Using the signed exchange mechanism means you allow anyone to serve your content. You will no longer know when it has been served and by whom. Instead, Google will know more about what your users are consuming on your website than you - despite HTTPS!
Also, there is no mechanism to limit who is allowed to serve your content for you.
I see no technical reason why the content has to be prefetched from Google instead of your own server.
It's also confusing for users and administrators.
Want to block access to a website in your network?
Guess what: Your block will not be effective because Google will proxy the data unbeknownst to the firewall.
The reason it has to be prefetched from not-you is to protect the users privacy. Until they click a link it is not considered acceptable to leak their search to the potential destination. Links have to be fetched from a third-party who the search engine trusts not to share the data, that at the moment is Google but will hopefully expand.
Google already can do this by preloading a cached page from its own domain. So this specification is unnecessary.
I think the real reason is that Google wants to build a walled garden, but doesn't want the walls to be noticeable. Even with AMP, they display a header that looks like a browser's address bar [1]
Also, on that page Google admits that it uses AMP Viewer to collect information about users:
> Data collection by Google is governed by Google’s privacy policy.
Which is probably their real motication for creating AMP.
> Google already can do this by preloading a cached page from its own domain.
That's what AMP already did. This spec is better because it ensures publishers retain control over their own content, and doesn't confuse users by showing "www.google.com" in the URL bar for content that didn't originate from Google.
Publisher might want to display their URL in the address bar. But as a user I want to see the actual URL, not what Google or publisher want to show me. I don't want to see "example.com" in the address bar while I am actually connected to Google via a TLS connection signed by Google's key and my IP address is collected according to Google's privacy policy.
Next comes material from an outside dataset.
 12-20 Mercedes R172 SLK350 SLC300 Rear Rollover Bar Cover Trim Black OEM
What confuses users is Google displaying a fake address bar [1] or browser displaying the wrong URL.
The URL you see _is_ the actual URL. It doesn't matter where the content was initially loaded from because the page is signed by the publisher's private key (the publisher has full control over the page contents, Google can't alter it).
The content is served from Google's servers according to Google's (not publisher's) privacy policy. While Google cannot alter the content, it sees the unencrypted HTTP request. I don't want neither Google nor publisher to control contents of my address bar.
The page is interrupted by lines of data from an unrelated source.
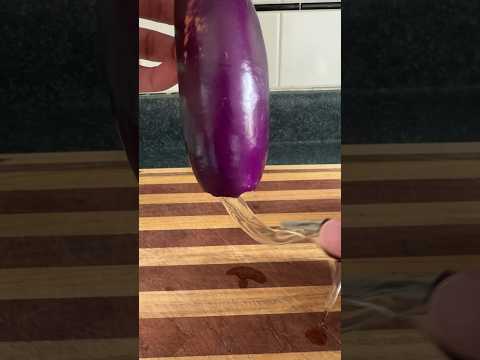 Why it’s called Eggplant.                         #eggplant #egg #biology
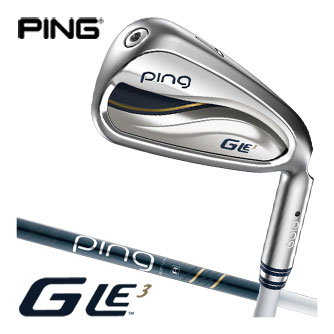 楽天市場】ピン G Le3 レディース アイアン 単品[＃6、＃7、＃8、＃9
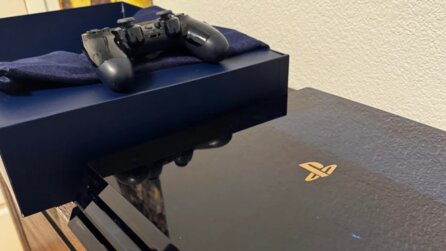 PlayStation-Liebhaber ergattert nach Jahren endlich eine der schönsten PS4 Pro Special-Editions, die es jemals gegeben hat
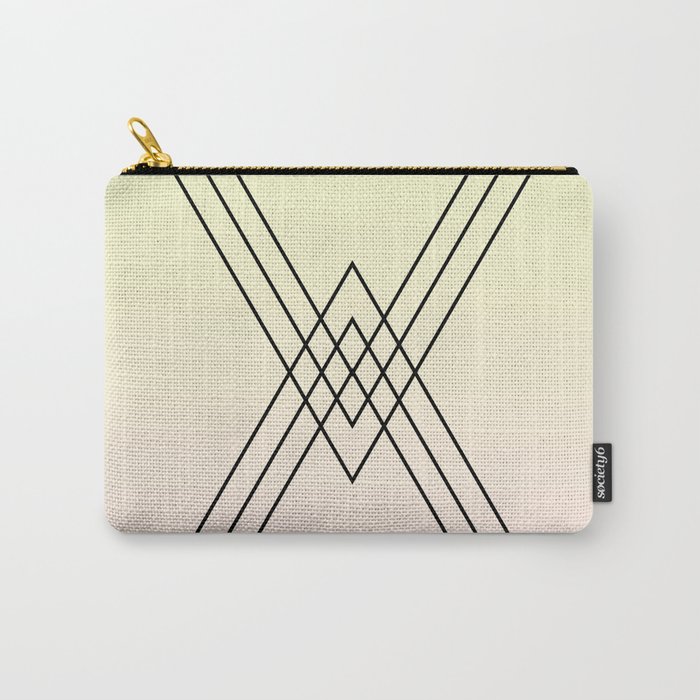 triangles  Carry-All Pouch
Google already knows the unencrypted contents of the page, and they know you clicked on a link to it (from their search results page). The signed exchanges system doesn't reveal any information to Google _or_ the publisher that they don't already know.
Your browser controls the contents of the URL bar, not Google or the publisher.
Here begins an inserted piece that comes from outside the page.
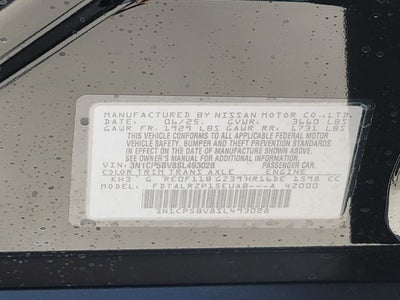 2025 Nissan Kicks Play S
I copy your post, but make it available further up the thread. Even though I sync your comment’s edits to mine several times a day, I also control Hacker News so I get them to display your username in place of mine, as to not confuse readers.
Page and DNS prefetching exists, HTML exists, why not just link to the page on the original domain?
> I think the real reason is that Google wants to build a walled garden
Exactly, this is the real reason why this abomination came into existence - all of this is masked as work for greater good all for those poor kids with limited network speed.
As end effect everyone will suffer - user will never leave google ecosystem, he will remain on search page without even knowing about it, creator will lose control over his own content
Exactly: Google built a walled garden and now replaces the fence by glass, because people don't like the view from inside their cage. The worst thing is, that it'll get away with it.
Why should the user‘s privacy be protected toward the content provider instead of the search provider? The search provider already knows more about me.
I think that product is still cached by Google. Cloudflare is just providing the cryptography for Web Packaging so that the browser will show the url from the original page instead of the Google cache.
A bit more on this... there are a LOT of secondary bots out there, either searching for security holes to exploit or otherwise slurping content for reasons other than search.
JS based analytics (google or otherwise) is generally a better option for detecting actual usage. Yeah, you lose maybe 2% of actual users. You also lose 99% of the various bots. You still have to filter google's and bing's bots that execute JS though.
Also, there is no mechanism to limit who is allowed to serve your content for you.
I see no technical reason why the content has to be prefetched from Google instead of your own server.
It's also confusing for users and administrators. Want to block access to a website in your network? Guess what: Your block will not be effective because Google will proxy the data unbeknownst to the firewall.